Motoi Sakuraba regressa para a banda sonora e contínua a fazer um excelente trabalho. Apesar de ser raro ouvirmos música durante os níveis, os criadores não hesitam, esporadicamente, em usar ruídos enervantes e desconcertantes para jogar com o nosso psicológico, dando um tom de survival horror ao grande vazio.

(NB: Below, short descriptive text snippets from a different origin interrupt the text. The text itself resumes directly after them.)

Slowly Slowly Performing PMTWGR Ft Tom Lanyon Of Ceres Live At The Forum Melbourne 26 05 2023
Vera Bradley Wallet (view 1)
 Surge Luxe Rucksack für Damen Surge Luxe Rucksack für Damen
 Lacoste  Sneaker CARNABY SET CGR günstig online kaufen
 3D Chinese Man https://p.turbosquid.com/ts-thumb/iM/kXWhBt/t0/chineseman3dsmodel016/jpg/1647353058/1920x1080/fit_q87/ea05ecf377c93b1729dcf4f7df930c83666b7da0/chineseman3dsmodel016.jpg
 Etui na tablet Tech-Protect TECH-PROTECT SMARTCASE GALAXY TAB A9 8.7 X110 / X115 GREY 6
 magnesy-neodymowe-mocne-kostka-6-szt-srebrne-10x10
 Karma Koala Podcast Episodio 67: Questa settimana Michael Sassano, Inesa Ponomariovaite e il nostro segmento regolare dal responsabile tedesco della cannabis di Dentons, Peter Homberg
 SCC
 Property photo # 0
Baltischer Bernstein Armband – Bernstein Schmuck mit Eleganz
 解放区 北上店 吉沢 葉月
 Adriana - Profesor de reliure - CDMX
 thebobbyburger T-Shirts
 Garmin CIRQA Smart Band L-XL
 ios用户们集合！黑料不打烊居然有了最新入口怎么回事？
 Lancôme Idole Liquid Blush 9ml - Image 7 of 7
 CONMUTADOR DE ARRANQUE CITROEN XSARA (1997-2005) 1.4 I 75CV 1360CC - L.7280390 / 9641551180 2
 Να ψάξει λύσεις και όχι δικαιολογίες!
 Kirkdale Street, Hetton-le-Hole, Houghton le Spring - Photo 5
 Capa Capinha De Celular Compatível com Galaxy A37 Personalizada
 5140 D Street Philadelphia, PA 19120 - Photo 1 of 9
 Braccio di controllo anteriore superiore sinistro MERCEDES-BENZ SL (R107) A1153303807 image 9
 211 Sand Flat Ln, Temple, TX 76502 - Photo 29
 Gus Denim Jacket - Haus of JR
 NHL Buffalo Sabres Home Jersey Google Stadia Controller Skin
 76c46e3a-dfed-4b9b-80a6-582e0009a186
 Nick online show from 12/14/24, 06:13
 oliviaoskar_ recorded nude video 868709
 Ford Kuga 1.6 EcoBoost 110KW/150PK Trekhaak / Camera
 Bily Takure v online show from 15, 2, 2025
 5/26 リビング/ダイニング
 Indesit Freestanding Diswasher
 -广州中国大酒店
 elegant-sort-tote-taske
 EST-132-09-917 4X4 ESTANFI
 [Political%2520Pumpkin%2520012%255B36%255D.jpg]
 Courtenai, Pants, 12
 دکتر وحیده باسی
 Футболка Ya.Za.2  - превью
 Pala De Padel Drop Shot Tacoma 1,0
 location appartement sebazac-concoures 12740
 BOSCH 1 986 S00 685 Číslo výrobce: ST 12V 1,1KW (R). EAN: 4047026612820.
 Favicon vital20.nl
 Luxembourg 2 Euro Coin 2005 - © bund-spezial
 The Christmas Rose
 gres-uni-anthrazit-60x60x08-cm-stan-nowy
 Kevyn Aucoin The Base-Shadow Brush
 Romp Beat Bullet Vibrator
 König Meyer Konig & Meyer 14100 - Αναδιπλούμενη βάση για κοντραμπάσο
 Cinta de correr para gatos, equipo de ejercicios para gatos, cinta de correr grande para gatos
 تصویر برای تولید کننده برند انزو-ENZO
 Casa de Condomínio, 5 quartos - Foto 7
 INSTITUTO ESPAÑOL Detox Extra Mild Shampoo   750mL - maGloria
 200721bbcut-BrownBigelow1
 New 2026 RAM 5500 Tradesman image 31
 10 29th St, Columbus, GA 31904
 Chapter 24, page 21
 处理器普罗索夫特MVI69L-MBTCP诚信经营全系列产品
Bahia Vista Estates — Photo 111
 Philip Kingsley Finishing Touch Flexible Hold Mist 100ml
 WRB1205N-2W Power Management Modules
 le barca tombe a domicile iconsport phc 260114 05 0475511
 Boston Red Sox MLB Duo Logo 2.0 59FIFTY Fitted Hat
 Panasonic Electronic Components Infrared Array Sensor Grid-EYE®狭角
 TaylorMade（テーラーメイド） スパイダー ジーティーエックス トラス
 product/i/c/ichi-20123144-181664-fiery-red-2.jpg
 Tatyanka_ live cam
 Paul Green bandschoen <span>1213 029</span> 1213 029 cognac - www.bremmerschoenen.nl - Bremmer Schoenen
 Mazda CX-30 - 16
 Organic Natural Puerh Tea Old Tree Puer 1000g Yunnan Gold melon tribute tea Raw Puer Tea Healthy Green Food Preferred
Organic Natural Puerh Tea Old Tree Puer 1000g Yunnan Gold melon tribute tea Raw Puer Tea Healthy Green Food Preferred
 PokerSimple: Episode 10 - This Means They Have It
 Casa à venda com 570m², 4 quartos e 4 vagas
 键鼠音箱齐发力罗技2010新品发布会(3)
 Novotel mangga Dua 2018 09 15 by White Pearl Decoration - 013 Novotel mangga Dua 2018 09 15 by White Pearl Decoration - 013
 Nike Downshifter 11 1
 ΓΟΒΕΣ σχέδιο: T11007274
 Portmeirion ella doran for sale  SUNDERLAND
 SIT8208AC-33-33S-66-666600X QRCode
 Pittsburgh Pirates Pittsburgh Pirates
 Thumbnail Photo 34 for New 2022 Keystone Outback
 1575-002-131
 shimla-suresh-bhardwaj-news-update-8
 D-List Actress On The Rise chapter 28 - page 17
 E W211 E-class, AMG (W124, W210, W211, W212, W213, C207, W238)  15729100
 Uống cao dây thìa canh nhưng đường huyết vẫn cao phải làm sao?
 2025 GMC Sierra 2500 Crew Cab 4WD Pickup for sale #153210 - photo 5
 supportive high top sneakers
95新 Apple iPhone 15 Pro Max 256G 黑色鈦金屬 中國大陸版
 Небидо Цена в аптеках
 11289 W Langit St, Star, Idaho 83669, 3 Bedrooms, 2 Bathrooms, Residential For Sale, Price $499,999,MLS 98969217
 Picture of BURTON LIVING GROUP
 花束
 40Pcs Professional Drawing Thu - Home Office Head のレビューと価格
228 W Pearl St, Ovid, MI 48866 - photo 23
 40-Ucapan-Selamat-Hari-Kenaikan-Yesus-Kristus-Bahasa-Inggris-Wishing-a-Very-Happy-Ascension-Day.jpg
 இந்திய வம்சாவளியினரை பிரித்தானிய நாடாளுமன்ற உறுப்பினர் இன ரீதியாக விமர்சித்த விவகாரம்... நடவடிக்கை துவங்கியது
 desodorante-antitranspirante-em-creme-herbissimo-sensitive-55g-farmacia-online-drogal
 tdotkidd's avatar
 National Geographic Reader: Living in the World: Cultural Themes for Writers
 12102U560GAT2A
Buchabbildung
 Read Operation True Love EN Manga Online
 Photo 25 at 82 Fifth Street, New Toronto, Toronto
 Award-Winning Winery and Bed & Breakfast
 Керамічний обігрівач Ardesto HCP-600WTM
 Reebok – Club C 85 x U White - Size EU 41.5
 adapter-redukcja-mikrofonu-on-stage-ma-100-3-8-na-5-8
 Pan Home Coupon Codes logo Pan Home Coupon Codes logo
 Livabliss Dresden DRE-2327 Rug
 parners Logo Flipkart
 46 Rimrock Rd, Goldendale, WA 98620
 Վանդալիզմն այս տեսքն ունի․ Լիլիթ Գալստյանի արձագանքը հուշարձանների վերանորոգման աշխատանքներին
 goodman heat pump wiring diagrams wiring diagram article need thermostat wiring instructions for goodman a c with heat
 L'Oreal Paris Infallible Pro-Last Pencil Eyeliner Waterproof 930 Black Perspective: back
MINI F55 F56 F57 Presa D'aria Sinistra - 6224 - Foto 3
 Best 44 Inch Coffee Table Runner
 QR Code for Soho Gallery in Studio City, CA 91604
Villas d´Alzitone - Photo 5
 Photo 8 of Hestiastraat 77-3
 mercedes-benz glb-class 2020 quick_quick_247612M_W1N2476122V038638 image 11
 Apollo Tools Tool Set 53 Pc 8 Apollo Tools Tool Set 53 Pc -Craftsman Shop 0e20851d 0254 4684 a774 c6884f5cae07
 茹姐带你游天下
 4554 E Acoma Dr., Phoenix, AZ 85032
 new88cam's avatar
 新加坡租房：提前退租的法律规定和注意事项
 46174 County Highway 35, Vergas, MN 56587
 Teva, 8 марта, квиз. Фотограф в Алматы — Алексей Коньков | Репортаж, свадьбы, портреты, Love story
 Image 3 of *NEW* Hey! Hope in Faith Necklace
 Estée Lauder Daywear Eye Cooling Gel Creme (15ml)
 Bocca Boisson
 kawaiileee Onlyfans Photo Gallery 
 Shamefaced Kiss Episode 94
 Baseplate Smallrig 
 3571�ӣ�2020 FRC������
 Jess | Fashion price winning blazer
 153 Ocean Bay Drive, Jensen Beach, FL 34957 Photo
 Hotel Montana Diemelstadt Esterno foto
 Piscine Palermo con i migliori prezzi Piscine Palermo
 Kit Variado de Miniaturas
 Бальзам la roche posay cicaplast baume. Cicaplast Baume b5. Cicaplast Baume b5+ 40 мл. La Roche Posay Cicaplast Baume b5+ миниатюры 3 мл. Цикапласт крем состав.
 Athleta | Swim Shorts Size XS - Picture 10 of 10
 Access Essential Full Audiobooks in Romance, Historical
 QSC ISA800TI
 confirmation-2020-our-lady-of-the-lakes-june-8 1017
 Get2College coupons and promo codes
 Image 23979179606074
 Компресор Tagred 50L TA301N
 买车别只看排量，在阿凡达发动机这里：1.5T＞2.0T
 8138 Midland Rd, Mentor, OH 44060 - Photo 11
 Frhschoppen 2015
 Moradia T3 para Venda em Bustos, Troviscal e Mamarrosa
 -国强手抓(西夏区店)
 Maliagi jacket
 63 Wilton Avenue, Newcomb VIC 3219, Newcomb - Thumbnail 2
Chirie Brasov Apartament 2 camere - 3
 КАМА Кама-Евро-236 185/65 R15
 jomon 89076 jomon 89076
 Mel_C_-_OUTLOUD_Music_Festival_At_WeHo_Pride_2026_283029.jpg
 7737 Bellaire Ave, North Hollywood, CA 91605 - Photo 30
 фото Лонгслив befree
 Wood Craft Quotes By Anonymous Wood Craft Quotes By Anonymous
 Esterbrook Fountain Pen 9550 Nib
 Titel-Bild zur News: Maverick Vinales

É difícil comparar o jogo com o seu antecessor, e após mais de 80 horas que passei neste sinto que ainda há muita coisa para descobrir e ver, principalmente devido às novidades do new game +, com novos itens e inimigos. Foram feitas melhorias significativas nos aspetos mais importantes, mas a promessa de algo mais no aspeto técnico e as pequenas falhas e inconsistências que marcam este impedem-no de se superiorizar. Talvez o fardo de ser uma sequela de um dos jogos mais importantes da geração anterior, talvez a familiaridade. Independentemente disso Dark Souls 2 é um excelente jogo e uma compra obrigatória se são fãs da série.